102. Mais accepter aussi d’être protégé contre soi-même
96N’est-ce pas une belle preuve de son amour pour soi-même que d’accepter d’être protégé contre soi-même ? Et plus sûrement encore, une magnifique preuve de l’affection que l’on porte aux autres. Oui, assurément, aux autres… Car, le plus souvent, lorsque la question d’une telle protection se posera en pratique, l’heure ne sera pas à la soumission spontanée. Bien au contraire, l’individu revendiquera sa liberté. Son absolue liberté d’agir comme il l’entend, même si les projets qu’il forme ne peuvent le conduire qu’au pire, et même s’il est, parfois, totalement conscient de ce danger. Pourtant, on le sait, les proches qui partagent son affection ou encore les personnes qu’il sollicite n’ont pas le choix de rester passifs. Ni humainement, ni même parfois en droit.
97Ainsi, par exemple, la jurisprudence fait obligation à certains professionnels (entrepreneurs, banquiers…) de déconseiller purement et simplement aux consommateurs qui les contactent de passer certains contrats qui, objectivement, sont pour ceux-ci dénués de tout intérêt, voire parfois dangereux. Autrement dit, de les protéger contre leurs propres emballements, voire contre leurs désirs formellement exprimés.

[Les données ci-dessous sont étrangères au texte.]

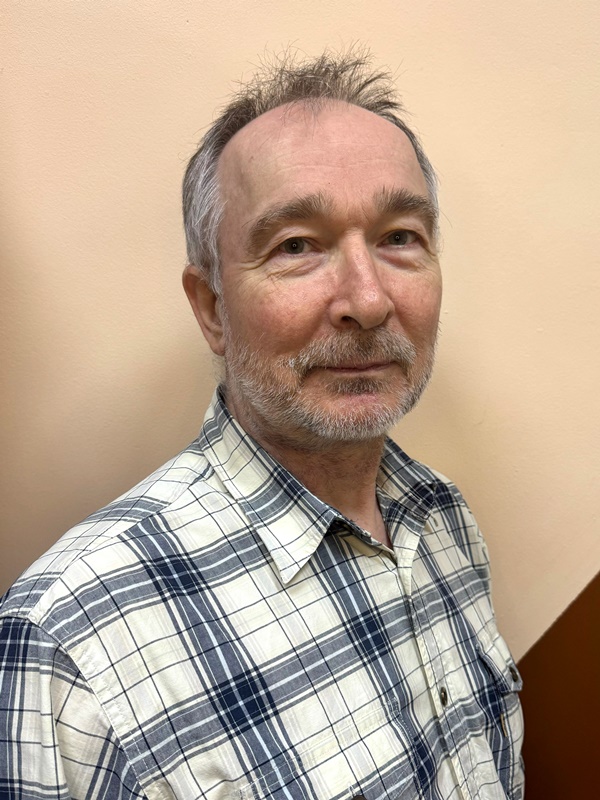 Ковалевский Дмитрий Валериевич Ковалевский Дмитрий Валериевич.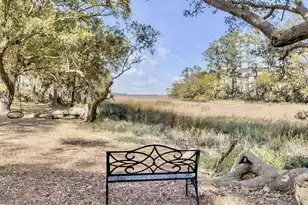 4066 Blackmoor St, Mount Pleasant, SC 29466 - Photo 55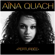Perturbée - Aïna Quach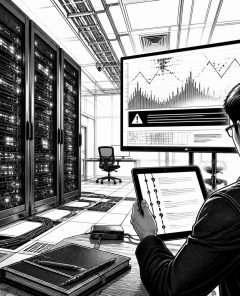 ai-openai-sicherheitsstrategie-vorwuerfe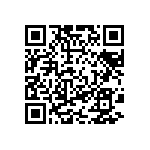 GRM0335C2AR90BA01D QRCode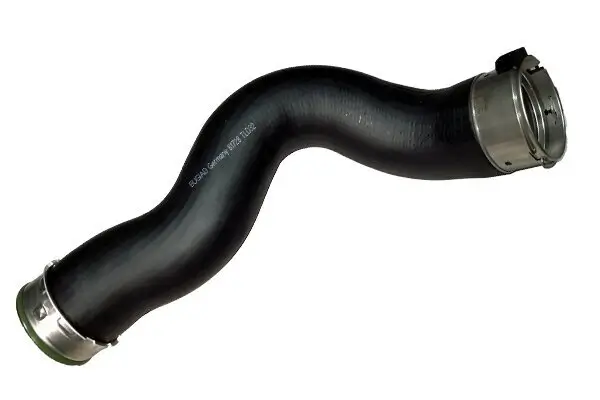 Ladeluftschlauch BUGIAD 81728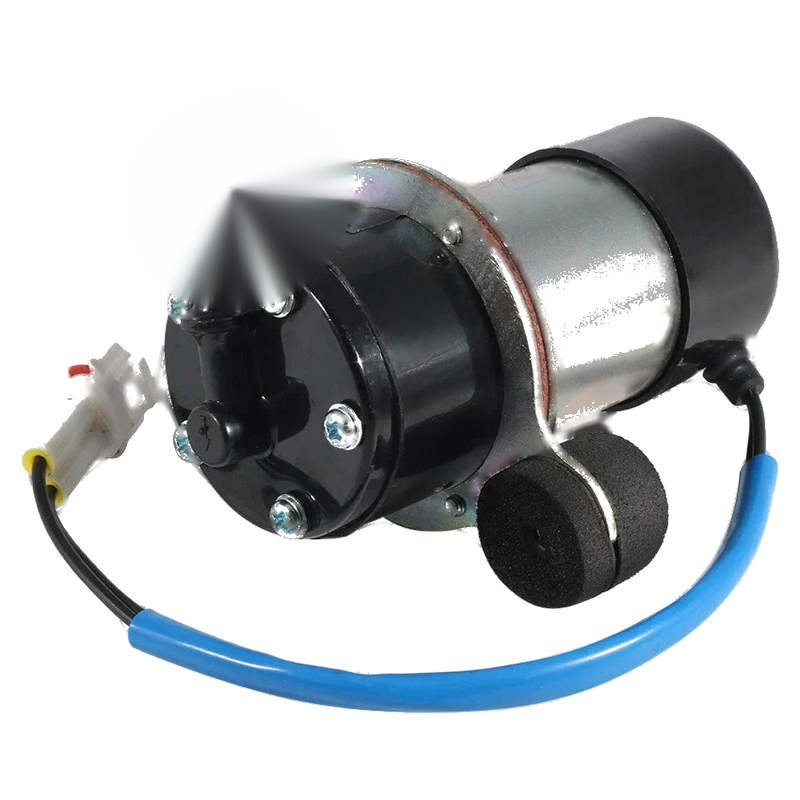 Suzuki Carry / Every (DC51T, DA41T, DD51T, DB51T) Fuel Pump (1999-2023)
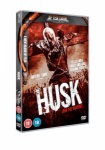 Husk [DVD] only £5.99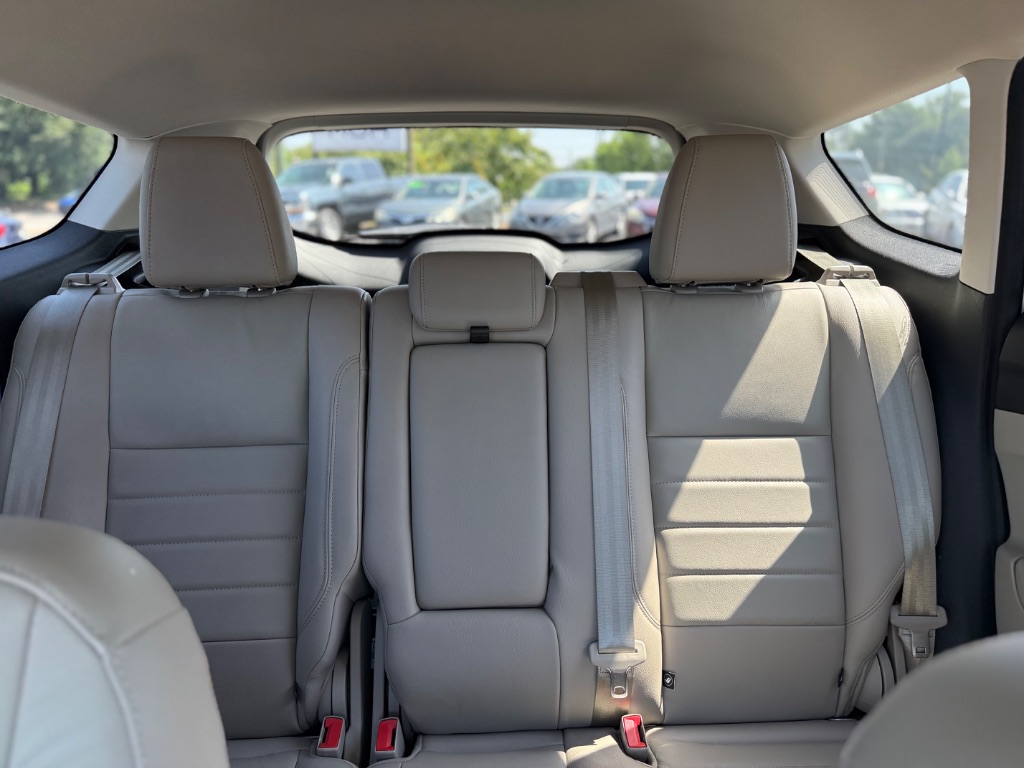 2016 Ford Escape - $7,995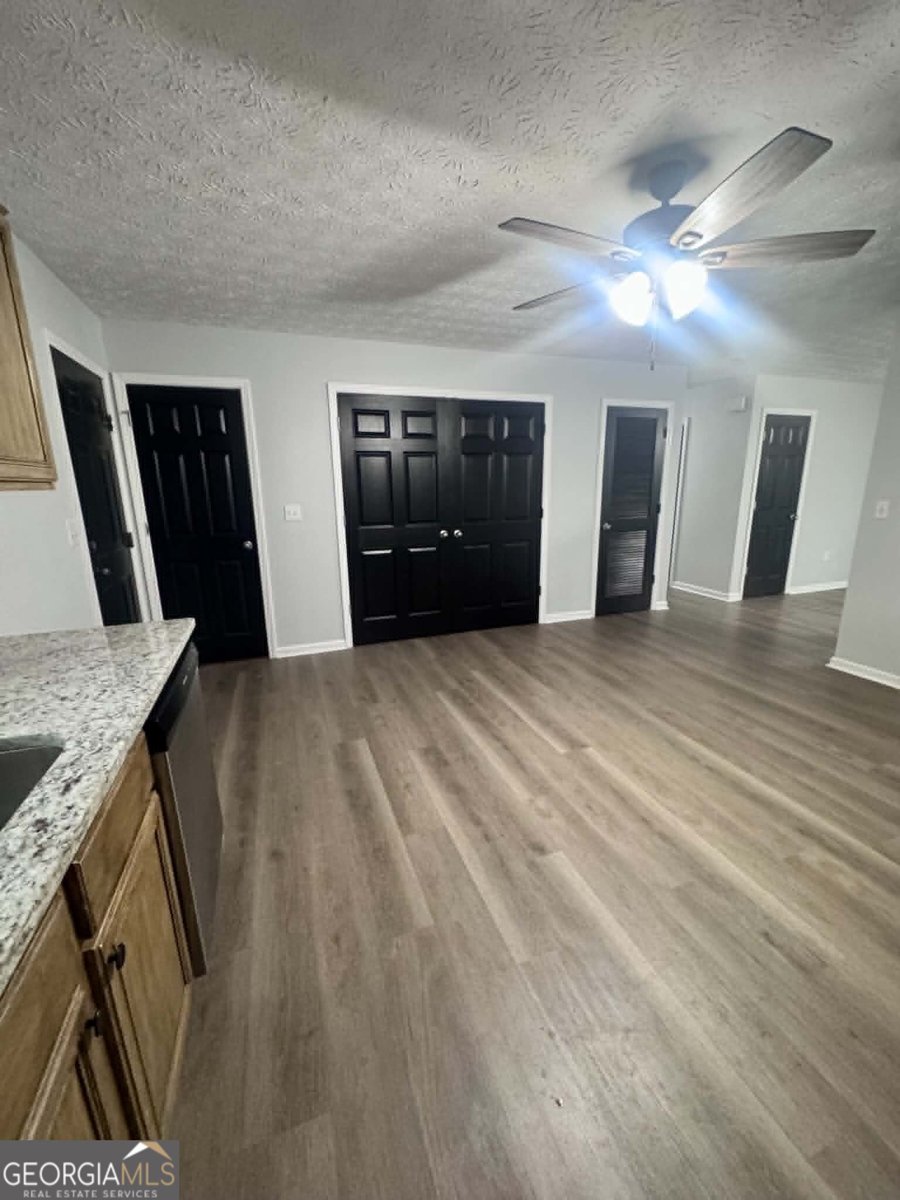 1300 Hill Street Comer - Photo 20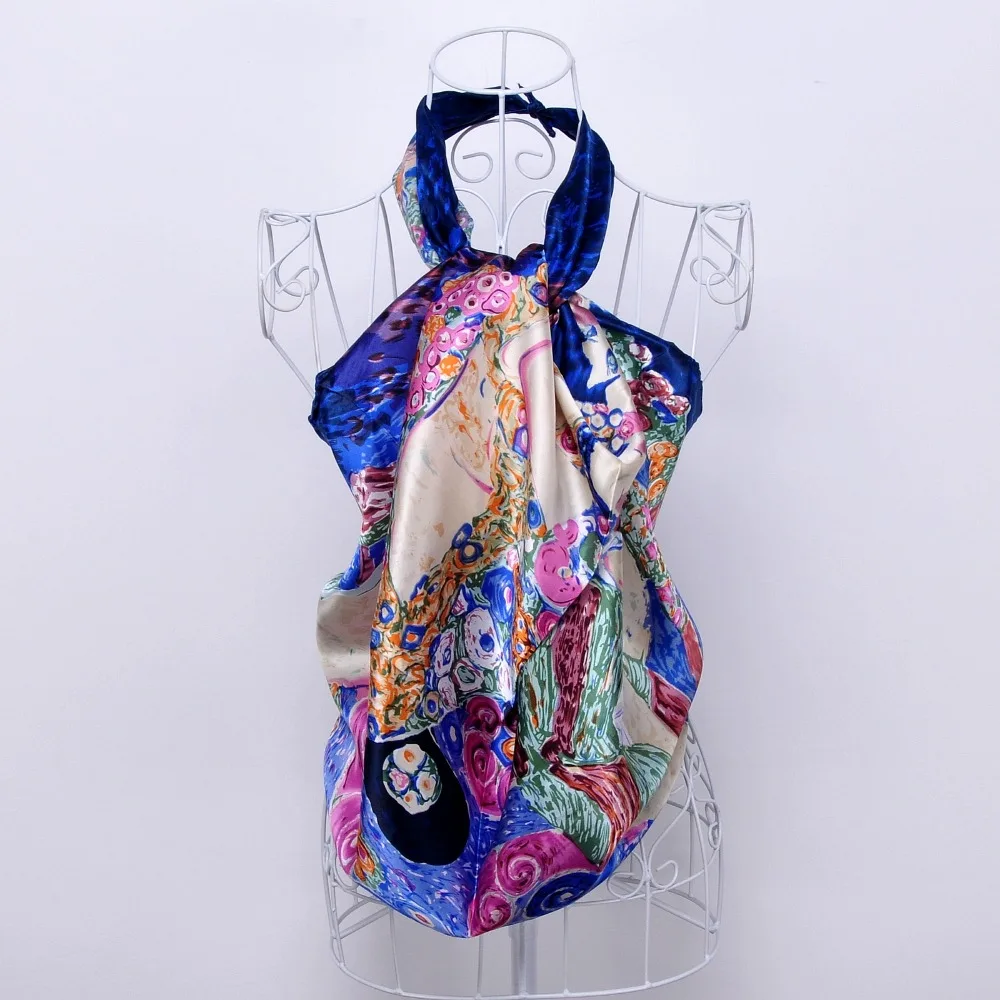 FS021211-BL 1600 (2)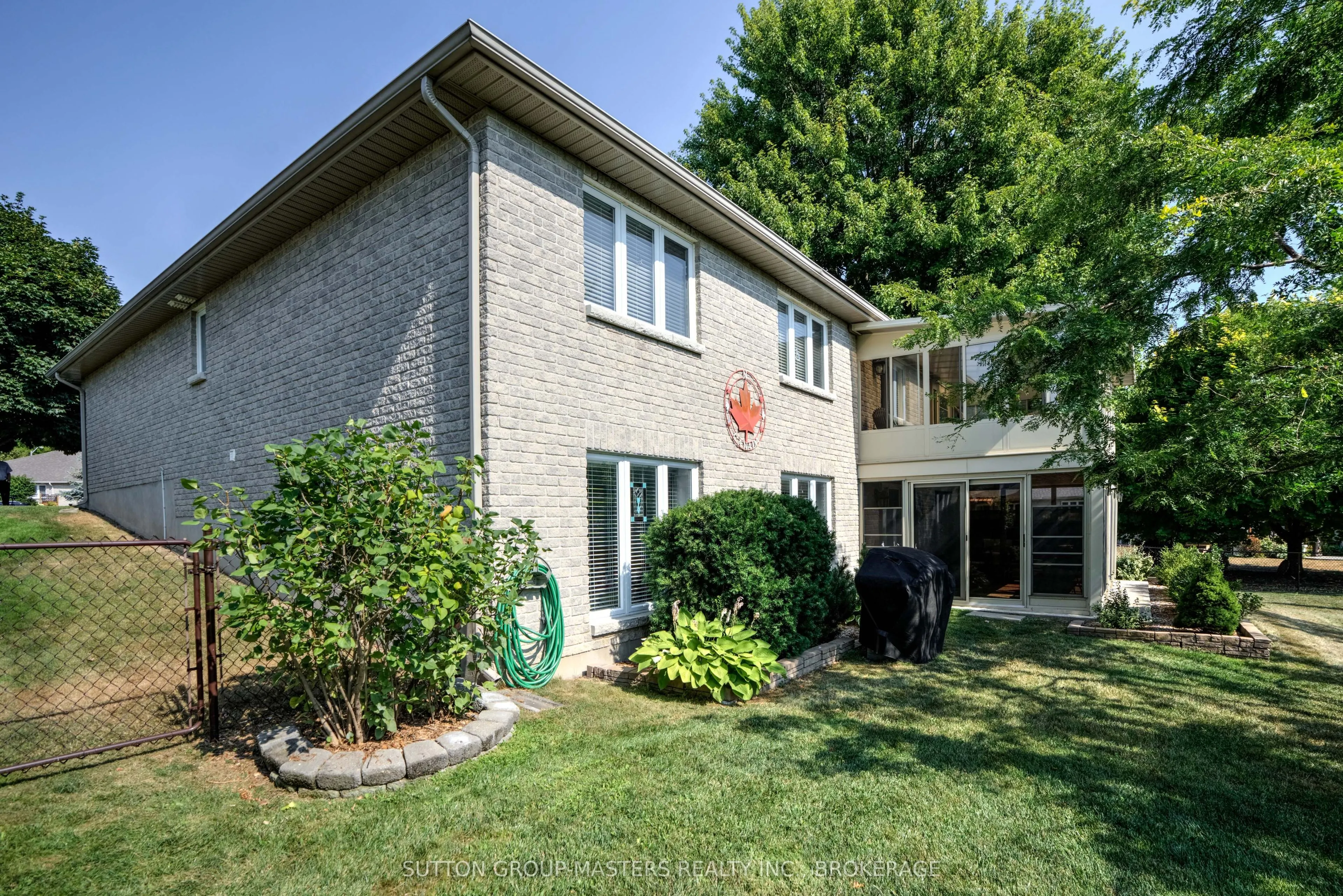 132 Farmstead Court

98De même, mais on quitte alors le stade de l’obligation pour celui d’une simple faculté, les proches se voient reconnaître par le Code civil la faculté de provoquer en justice l’ouverture d’une tutelle, d’une curatelle ou encore d’un régime de sauvegarde de justice au bénéfice de celle ou de celui dont l’âge, la santé mentale ou encore, parfois, « la prodigalité, l’intempérance ou l’oisiveté » ne permettent plus une bonne gestion personnelle de ses intérêts.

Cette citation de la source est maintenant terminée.